What is an optically pure triglyceride that provides two equivalents of pentanoic acid and one equivalent of butanoic acid after the KOH saponification of trimyristin to isolate myristic acid?? I don't even know how to begin to answer this question and would really appreciate any help!! Thank you!
2007-03-14 18:48:38 · 1 answers · asked by Anonymous in Science & Mathematics ➔ Chemistry
A triglyceride is a glycerol molecule with all 3 -OH esterified with fatty acids.
Saponification is the hydrolysis of the ester bonds, giving glycerol and the salts of the acids.
So since you get 2 equivalents of pentanoic and 1 of butanoic it means the the 2 out of 3 -OH groups of glycerol are esterified with pentanoic acid and the remaining -OH group with butanoic.
You have 2 possibilities: either the 2 pentanoic acids are esterified with -OH on C1 and C2 or with the -OH on C1 and C3:
.. ..CH2-O-CO-CH2-CH2-CH2-CH3
.. ..l
H-C-O-CO-CH2-CH2-CH2-CH3
.. ..l
.. ..CH2-O-CO-CH2-CH2-CH3
You see that in this case the C-2 of glycerol has 4 different substituents so it is a chiral center and the molecule is optically active.
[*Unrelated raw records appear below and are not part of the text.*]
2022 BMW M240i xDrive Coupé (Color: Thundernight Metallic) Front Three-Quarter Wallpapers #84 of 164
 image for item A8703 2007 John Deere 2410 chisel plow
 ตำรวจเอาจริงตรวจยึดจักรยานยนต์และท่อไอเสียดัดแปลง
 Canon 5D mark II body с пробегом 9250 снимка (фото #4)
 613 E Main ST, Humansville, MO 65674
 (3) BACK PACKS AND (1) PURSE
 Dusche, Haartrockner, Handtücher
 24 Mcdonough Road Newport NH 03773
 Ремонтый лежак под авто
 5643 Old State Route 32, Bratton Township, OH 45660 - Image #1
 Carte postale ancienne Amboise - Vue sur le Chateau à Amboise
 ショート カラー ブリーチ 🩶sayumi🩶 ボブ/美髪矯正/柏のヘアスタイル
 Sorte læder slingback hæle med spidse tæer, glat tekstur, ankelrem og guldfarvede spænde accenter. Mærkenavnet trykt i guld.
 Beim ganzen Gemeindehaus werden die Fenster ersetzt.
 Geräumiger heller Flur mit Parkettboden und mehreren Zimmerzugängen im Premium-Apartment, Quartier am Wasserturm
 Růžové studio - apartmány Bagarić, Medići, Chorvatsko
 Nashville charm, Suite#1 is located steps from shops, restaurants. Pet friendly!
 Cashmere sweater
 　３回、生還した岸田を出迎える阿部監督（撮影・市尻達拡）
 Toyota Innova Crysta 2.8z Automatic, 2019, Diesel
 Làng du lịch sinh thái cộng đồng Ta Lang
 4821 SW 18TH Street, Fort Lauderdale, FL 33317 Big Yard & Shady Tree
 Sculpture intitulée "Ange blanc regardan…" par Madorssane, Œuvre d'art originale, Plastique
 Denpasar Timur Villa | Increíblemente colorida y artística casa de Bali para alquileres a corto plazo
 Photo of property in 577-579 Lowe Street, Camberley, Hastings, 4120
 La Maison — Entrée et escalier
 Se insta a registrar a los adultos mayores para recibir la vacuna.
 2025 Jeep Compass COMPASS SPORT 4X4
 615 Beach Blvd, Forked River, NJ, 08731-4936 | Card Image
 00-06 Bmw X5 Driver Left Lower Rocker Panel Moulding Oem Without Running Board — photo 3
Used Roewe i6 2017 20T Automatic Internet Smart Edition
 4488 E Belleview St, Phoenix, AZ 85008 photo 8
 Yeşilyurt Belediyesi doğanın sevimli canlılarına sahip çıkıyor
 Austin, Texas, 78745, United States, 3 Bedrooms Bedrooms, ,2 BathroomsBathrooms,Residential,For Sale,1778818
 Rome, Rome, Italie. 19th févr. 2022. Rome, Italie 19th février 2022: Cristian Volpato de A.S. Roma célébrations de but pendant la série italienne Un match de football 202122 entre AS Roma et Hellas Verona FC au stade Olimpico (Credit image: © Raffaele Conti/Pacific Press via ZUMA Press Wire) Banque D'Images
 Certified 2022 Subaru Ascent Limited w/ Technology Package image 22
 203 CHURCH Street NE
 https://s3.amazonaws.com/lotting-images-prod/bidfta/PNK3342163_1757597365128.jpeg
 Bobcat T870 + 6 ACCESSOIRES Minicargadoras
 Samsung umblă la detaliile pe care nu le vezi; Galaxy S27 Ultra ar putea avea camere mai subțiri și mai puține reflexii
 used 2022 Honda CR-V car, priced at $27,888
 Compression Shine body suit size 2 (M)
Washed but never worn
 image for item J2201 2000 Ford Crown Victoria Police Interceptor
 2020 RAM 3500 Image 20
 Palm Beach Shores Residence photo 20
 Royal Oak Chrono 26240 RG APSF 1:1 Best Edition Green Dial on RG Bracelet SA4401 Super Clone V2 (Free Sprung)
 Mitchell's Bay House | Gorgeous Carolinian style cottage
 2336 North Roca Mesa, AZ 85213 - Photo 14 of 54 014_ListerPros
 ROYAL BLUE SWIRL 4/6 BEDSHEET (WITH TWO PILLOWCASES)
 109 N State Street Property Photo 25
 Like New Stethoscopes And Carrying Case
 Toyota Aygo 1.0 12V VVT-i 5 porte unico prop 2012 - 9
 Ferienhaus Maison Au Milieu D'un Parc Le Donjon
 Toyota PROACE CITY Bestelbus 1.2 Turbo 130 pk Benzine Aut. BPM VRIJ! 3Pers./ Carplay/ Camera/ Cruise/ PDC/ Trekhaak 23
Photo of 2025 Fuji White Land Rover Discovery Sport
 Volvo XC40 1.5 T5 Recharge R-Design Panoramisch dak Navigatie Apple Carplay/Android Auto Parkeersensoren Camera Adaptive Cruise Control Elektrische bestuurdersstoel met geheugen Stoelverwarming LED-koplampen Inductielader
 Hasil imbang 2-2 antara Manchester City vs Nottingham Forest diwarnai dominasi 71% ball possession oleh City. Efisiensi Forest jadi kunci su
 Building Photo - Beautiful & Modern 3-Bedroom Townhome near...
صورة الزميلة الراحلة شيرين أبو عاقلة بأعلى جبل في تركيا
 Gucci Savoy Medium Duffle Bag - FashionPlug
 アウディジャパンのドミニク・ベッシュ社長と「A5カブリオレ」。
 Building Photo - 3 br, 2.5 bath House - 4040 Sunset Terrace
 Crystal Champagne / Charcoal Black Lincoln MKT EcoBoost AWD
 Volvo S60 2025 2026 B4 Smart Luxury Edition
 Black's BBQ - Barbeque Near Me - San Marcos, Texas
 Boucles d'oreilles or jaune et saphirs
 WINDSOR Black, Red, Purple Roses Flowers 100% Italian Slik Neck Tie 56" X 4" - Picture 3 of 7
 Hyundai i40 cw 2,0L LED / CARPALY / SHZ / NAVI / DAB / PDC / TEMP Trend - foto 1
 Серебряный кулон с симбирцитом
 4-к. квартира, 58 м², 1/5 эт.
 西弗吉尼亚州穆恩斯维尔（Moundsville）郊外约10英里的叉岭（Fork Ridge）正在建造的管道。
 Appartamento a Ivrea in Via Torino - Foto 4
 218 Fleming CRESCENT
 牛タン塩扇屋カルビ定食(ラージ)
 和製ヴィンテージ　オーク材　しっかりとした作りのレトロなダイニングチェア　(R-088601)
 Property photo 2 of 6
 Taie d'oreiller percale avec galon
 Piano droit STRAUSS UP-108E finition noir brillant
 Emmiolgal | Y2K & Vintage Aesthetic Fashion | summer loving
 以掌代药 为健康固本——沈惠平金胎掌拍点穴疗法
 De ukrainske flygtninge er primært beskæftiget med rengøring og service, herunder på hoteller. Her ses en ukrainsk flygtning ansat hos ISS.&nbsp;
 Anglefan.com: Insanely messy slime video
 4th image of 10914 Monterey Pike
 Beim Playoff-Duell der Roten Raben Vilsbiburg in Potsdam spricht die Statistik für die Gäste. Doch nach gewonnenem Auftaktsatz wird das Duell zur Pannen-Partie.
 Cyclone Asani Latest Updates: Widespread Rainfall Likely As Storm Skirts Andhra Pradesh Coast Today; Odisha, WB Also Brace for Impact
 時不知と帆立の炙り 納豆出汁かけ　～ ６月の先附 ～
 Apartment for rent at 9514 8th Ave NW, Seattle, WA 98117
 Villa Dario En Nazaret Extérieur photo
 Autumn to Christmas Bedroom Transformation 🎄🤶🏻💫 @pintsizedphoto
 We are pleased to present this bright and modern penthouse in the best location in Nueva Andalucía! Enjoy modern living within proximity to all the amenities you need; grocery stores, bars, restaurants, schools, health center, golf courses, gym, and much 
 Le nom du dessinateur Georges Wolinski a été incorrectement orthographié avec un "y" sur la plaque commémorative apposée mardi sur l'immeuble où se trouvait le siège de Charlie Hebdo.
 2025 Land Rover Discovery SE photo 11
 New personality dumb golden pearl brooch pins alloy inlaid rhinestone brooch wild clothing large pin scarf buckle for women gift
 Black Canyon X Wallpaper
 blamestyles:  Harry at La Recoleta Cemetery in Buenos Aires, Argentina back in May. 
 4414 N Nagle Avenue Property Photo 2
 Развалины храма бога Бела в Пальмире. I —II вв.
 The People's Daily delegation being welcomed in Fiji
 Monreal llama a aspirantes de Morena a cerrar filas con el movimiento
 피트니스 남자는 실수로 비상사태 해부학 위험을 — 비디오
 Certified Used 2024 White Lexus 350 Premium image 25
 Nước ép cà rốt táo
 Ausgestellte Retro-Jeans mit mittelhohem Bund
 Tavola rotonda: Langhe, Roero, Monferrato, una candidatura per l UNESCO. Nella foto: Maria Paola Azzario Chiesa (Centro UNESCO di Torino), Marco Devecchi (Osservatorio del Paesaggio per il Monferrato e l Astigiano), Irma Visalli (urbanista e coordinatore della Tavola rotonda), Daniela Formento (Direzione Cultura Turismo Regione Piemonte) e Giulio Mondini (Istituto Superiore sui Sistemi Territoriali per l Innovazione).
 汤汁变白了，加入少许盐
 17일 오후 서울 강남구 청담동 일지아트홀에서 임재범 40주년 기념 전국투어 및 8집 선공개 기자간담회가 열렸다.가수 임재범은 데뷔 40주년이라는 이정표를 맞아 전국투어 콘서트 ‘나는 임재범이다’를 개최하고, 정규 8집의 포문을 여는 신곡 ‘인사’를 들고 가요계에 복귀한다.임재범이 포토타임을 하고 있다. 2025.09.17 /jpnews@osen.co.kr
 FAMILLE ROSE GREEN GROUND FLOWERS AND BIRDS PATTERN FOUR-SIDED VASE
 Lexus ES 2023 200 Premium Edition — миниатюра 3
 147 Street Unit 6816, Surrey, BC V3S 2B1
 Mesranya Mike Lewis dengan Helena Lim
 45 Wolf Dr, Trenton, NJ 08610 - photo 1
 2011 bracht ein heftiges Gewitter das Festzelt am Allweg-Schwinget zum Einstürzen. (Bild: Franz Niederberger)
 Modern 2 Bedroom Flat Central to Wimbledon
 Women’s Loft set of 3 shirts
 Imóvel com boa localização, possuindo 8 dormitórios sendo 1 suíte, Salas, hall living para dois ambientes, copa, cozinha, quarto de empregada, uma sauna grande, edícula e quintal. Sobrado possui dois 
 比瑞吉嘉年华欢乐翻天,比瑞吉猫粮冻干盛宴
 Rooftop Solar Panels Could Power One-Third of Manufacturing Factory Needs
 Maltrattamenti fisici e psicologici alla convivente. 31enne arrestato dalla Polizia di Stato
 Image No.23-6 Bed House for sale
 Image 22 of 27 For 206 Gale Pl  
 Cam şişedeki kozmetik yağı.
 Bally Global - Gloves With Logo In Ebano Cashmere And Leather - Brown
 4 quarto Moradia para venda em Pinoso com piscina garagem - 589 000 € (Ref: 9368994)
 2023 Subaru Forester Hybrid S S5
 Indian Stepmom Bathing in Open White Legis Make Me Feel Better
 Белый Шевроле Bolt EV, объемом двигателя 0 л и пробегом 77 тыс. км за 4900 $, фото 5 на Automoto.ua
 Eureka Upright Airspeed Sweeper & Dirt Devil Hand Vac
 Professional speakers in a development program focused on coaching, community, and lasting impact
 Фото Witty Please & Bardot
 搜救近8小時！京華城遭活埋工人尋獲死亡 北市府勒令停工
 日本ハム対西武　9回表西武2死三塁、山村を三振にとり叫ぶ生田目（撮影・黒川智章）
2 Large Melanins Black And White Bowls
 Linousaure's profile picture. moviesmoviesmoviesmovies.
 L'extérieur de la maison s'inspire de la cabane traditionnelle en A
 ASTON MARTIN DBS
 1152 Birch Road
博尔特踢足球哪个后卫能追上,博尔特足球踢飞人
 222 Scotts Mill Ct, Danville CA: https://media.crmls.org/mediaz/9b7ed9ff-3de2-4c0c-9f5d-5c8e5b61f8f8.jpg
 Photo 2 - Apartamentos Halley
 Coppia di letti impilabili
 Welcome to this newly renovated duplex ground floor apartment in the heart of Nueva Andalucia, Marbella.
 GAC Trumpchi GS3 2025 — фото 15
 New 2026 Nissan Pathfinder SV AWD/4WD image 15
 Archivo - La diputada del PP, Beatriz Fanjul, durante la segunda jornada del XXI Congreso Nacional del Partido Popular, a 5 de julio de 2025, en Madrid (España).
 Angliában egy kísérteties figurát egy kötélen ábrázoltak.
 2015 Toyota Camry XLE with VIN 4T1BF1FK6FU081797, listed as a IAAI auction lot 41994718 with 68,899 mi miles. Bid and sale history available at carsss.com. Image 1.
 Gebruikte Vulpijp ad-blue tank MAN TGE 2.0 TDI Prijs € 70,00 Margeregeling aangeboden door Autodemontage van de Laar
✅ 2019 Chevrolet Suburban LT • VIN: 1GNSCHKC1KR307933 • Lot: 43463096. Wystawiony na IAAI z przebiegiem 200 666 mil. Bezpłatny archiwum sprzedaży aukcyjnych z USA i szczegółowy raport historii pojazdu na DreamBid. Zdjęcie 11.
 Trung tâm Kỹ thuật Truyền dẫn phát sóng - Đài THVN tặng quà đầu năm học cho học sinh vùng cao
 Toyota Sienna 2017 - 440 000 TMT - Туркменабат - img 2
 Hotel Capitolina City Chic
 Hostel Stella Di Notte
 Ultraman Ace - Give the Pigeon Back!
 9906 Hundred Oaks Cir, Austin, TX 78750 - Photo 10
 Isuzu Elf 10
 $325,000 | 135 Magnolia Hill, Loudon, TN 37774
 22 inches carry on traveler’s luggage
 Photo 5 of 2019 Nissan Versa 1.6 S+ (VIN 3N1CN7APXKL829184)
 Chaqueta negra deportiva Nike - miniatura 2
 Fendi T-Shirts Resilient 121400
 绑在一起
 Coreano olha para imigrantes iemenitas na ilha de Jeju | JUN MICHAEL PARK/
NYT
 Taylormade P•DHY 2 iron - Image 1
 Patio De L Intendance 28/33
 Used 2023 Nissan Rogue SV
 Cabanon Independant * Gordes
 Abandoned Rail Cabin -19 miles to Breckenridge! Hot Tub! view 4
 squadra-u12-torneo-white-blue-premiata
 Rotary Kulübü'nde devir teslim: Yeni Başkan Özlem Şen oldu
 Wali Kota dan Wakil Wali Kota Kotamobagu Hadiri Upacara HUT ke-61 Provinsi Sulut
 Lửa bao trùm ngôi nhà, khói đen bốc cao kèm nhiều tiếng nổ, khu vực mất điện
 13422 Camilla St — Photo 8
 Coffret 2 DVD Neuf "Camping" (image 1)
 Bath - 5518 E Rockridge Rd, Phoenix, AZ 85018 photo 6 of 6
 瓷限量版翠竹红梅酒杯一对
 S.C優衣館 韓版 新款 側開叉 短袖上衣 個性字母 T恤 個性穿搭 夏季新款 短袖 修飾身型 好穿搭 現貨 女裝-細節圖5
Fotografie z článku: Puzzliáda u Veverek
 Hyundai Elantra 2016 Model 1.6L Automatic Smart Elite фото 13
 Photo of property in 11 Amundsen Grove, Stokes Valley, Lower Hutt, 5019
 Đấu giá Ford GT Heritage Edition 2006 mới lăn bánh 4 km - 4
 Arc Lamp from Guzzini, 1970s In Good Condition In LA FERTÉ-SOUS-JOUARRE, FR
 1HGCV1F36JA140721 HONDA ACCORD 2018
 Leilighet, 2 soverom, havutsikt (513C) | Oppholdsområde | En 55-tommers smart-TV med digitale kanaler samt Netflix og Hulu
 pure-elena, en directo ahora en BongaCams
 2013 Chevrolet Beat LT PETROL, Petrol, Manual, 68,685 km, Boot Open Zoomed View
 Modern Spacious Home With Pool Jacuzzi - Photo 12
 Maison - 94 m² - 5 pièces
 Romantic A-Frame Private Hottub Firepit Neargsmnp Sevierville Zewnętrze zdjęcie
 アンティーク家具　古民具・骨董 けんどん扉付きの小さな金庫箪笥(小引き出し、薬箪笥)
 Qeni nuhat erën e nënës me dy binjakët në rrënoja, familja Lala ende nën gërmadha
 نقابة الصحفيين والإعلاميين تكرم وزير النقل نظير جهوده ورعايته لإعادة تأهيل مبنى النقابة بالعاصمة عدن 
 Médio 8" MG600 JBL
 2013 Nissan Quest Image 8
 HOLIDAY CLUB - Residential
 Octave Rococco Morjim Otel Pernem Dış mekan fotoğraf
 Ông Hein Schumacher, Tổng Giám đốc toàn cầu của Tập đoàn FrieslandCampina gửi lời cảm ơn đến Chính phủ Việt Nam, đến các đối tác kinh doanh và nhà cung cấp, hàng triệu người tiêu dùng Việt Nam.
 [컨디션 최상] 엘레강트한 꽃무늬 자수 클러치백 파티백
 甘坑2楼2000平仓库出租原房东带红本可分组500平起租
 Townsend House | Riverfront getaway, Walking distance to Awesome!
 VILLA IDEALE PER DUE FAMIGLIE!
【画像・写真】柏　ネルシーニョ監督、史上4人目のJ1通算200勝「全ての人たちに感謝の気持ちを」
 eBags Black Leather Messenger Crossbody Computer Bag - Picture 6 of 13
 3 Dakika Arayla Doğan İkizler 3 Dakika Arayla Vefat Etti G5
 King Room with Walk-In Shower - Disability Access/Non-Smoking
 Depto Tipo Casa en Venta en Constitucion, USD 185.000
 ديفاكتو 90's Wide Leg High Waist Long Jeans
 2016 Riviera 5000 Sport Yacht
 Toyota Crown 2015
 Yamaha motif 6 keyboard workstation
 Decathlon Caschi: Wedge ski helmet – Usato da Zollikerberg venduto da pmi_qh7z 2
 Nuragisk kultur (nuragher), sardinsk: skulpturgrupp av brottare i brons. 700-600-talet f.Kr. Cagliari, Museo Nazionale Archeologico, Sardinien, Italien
Let's see in the other case what happens
.. ..CH2-O-CO-CH2-CH2-CH2-CH3
.. ..l
H-C-O-CO-CH2-CH2-CH3
.. ..l
.. ..CH2-O-CO-CH2-CH2-CH2-CH3
Now C-2 has 2 identical substituents so it is no longer a chiral center and the molecule is not active (Note that in either case all other C atoms have at least two identical substituents, that's why we don't bother to examine them)
So the first structure corresponds to the molecule you are looking for.
2007-03-15 00:45:19 · answer #1 · answered by bellerophon 6 · 0⤊ 0⤋